The test subcommand executes conftest against an input file, such as an Ansible Playbook. Conftest will parse the input file, evaluate the policies in the policy/ subdirectory, and return any messages to the user. The current playbook fails the policy evaluation because MariaDB-server version 10.8.4 is not included in the list of allowed versions. The command also exits with a non-zero exit status, which is useful in pipelines to signal failure.

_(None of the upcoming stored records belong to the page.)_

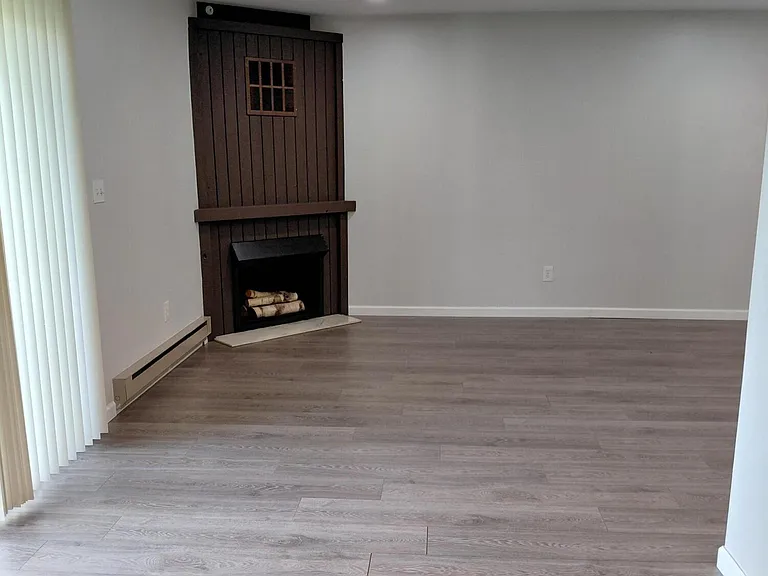 7513 Woodview St — Photo 4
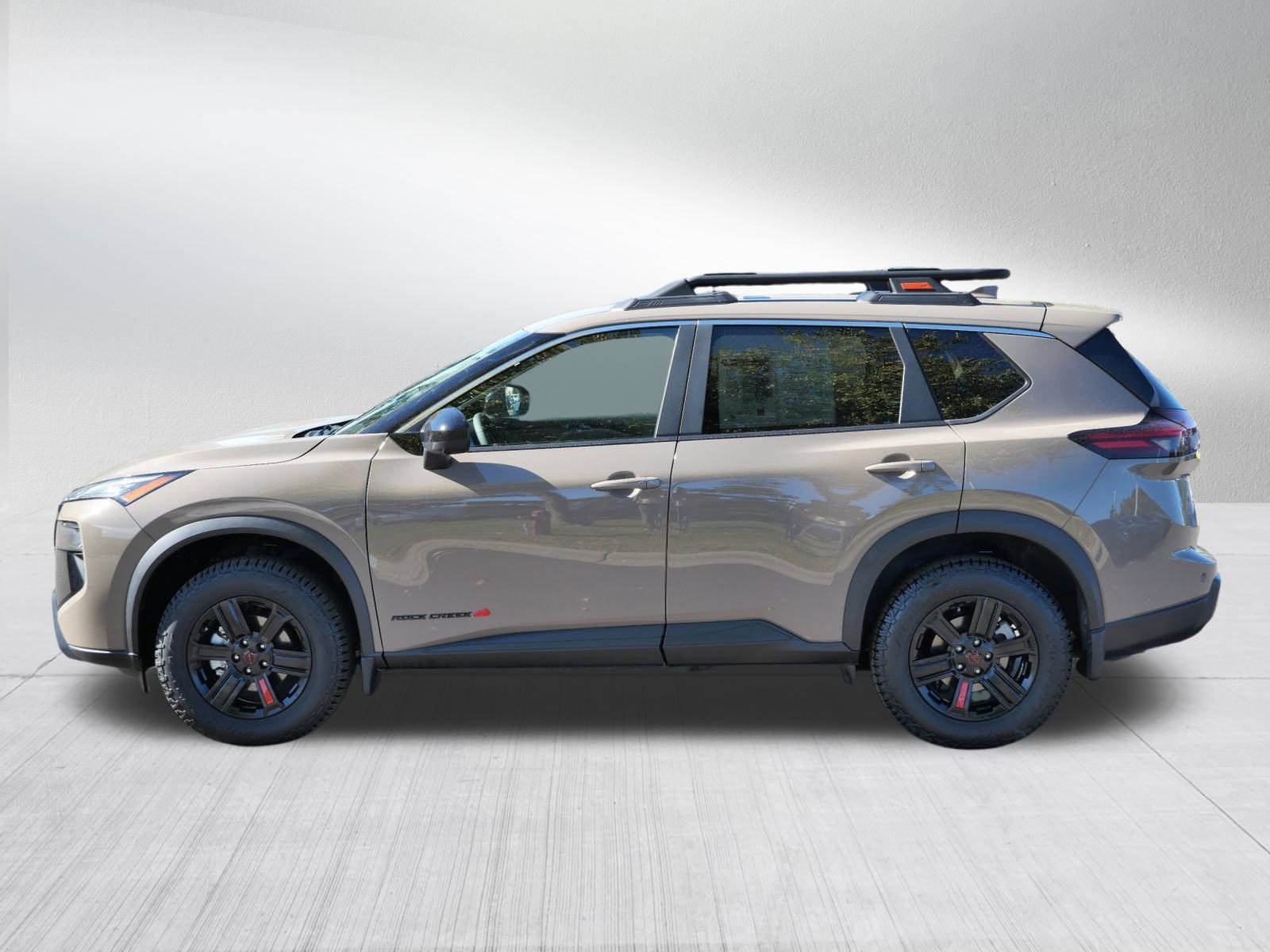 Used 2025 Nissan Rogue SV image 2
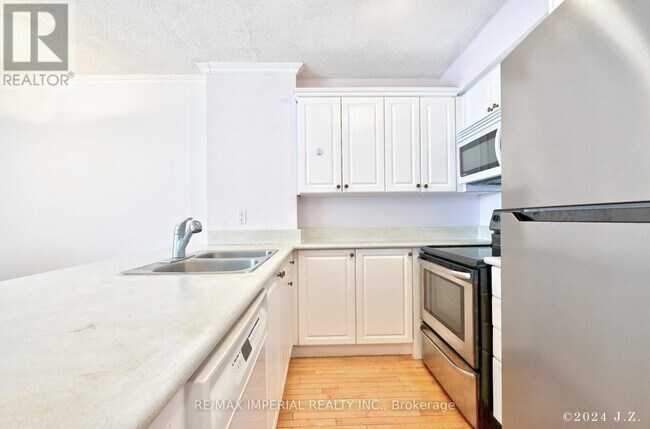 Photo - 24 Wellesley St W Unité 2201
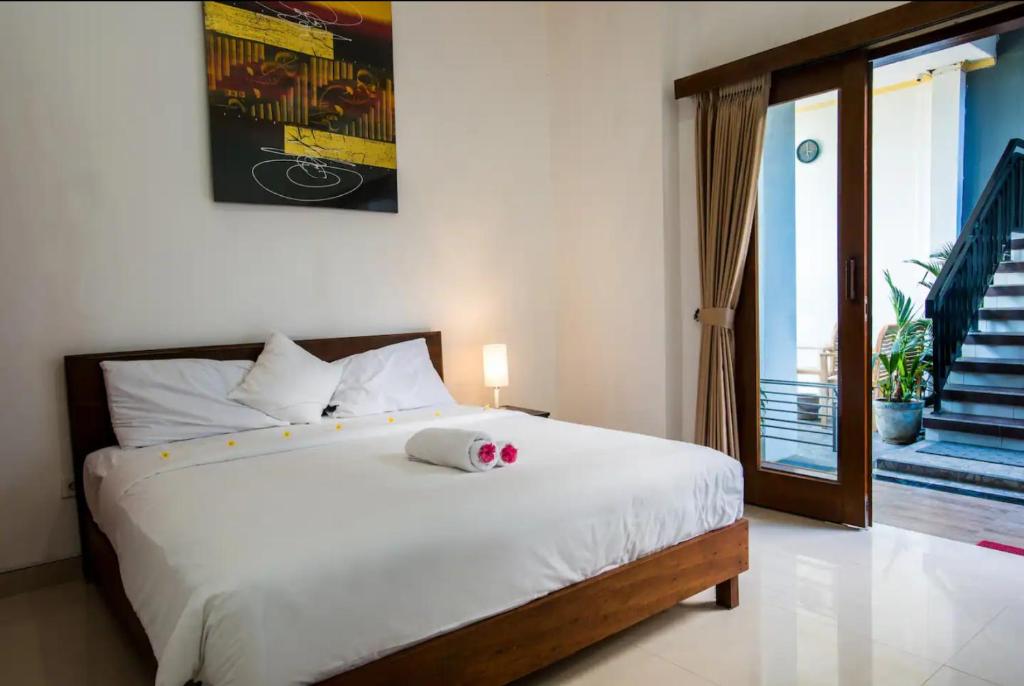 Canggu Ocean House/Purple. By walk to the beach! Canggu Ocean House/Purple. By walk to the beach!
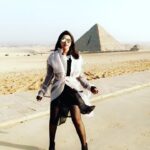 Parineeti Chopra Instagram – Obviouslyyyy im going to dance in front of the pyramids WHAT DO YOU MEANN!! 😜😜😜😂😂😎😎😎 @hellomagindia The Great Pyramids Of Egypt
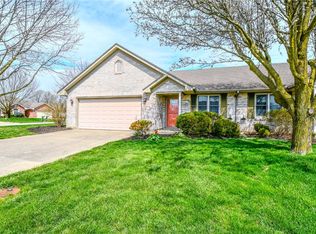 605 Rubythroat Ln, Clayton, OH 45315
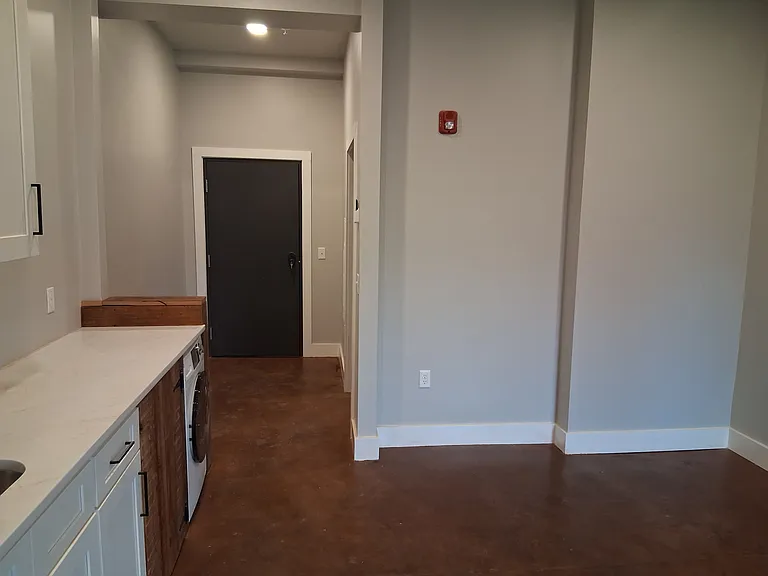 329 N Mulberry St #3 — Photo 11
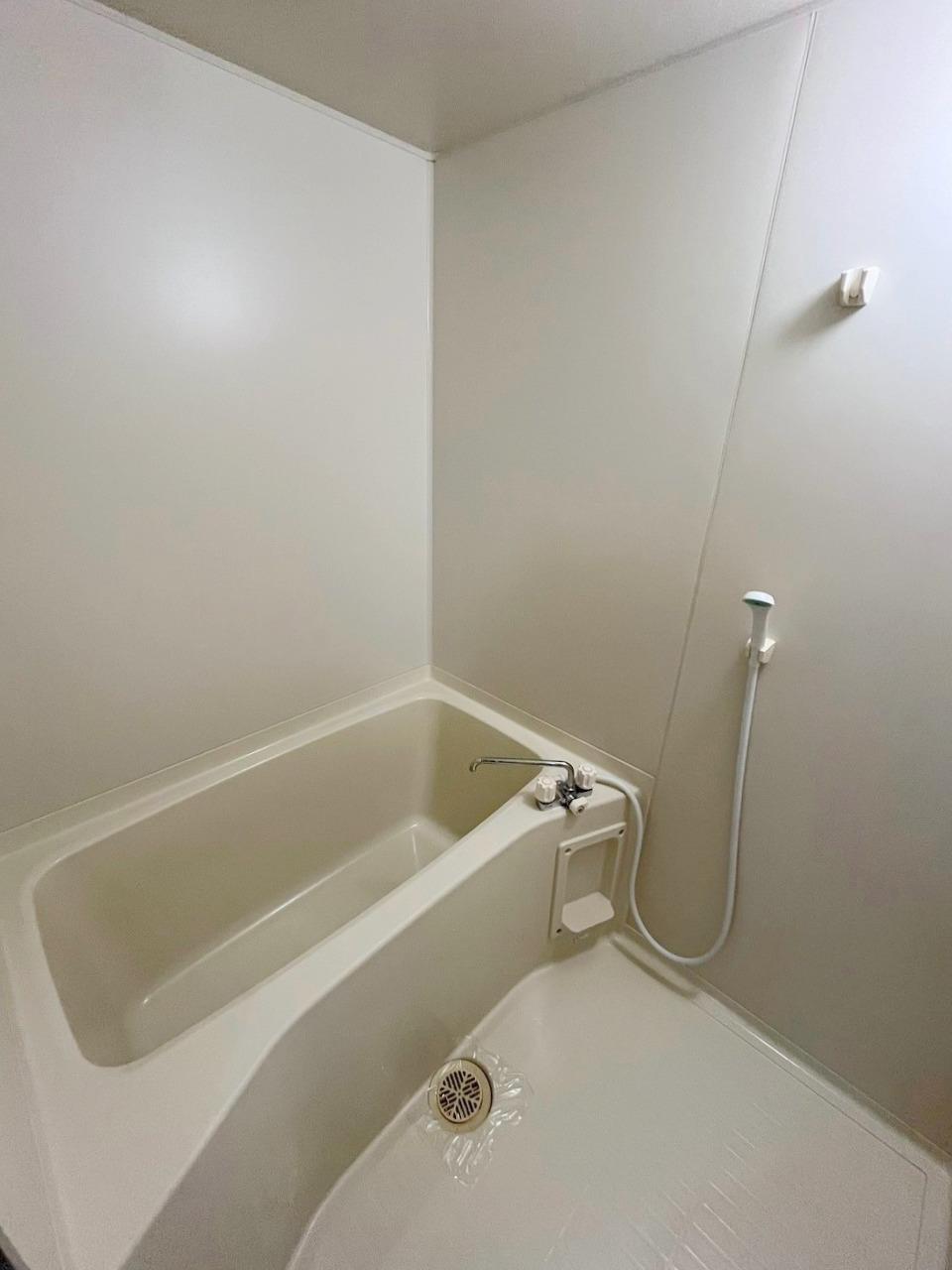 バス・シャワールーム　バスルーム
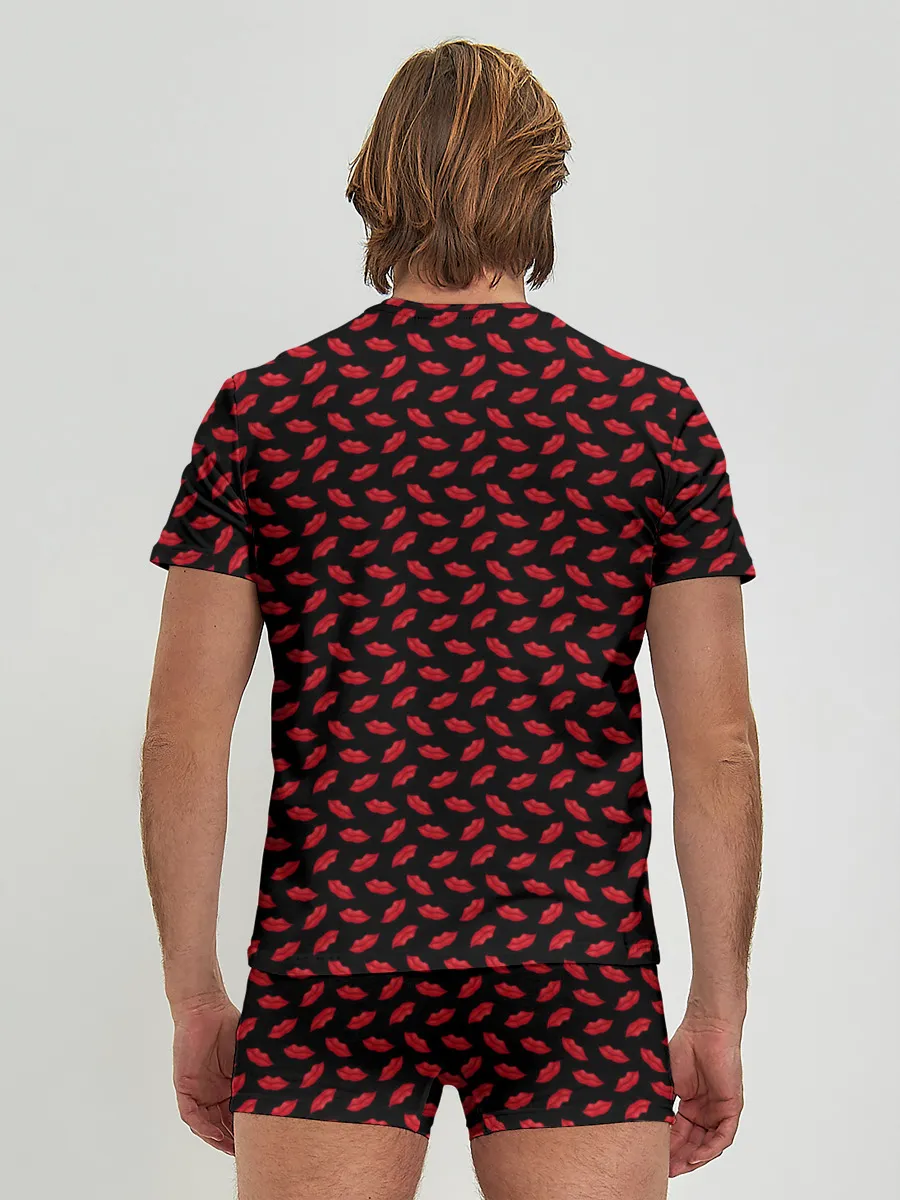 Мужские трусы с футболкой / Принт с поцелуями,алые губы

$ conftest test playbook.yaml 
FAIL - playbook.yaml - main - Version 10.8.4 of Mariadb-server is not allowed

1 test, 0 passed, 0 warnings, 1 failure, 0 exceptions

$ echo $?
1

Adjusting the playbook to use an approved version of MariaDB-server, such as version 10.8.6, allows the playbook to pass policy evaluation, and the conftest command exits with a zero exit status:

# Replace the MariaDB-server version 10.8.4 with 10.8.6 (an approved version)
$ sed -ie 's/MariaDB-server-10.8.4-1.fc36/MariaDB-server-10.8.6-1.fc36/g' playbook.yaml

$ conftest test playbook.yaml 

1 test, 1 passed, 0 warnings, 0 failures, 0 exceptions

$ echo $?
0

[ Get started with IT automation with the Ansible Automation Platform beginner's guide. ]

Wrap up

This article introduced conftest, a tool that evaluates OPA policies against structured configuration files. You saw a simple example of how a policy can be expressed as code and evaluated against an Ansible Playbook. While this is a basic example, conftest provides many features that make it an ideal tool for extending policy as code practices to other types of system configuration. I encourage you to visit the Conftest website to learn more and develop your own ideas for leveraging policy as code in your automation workflows.

I also encourage you to build on this example by extending the policy to match tasks where no version is specified for MariaDB-server or to match tasks that directly use a specific package manager's module, such as the ansible.builtin.dnf module.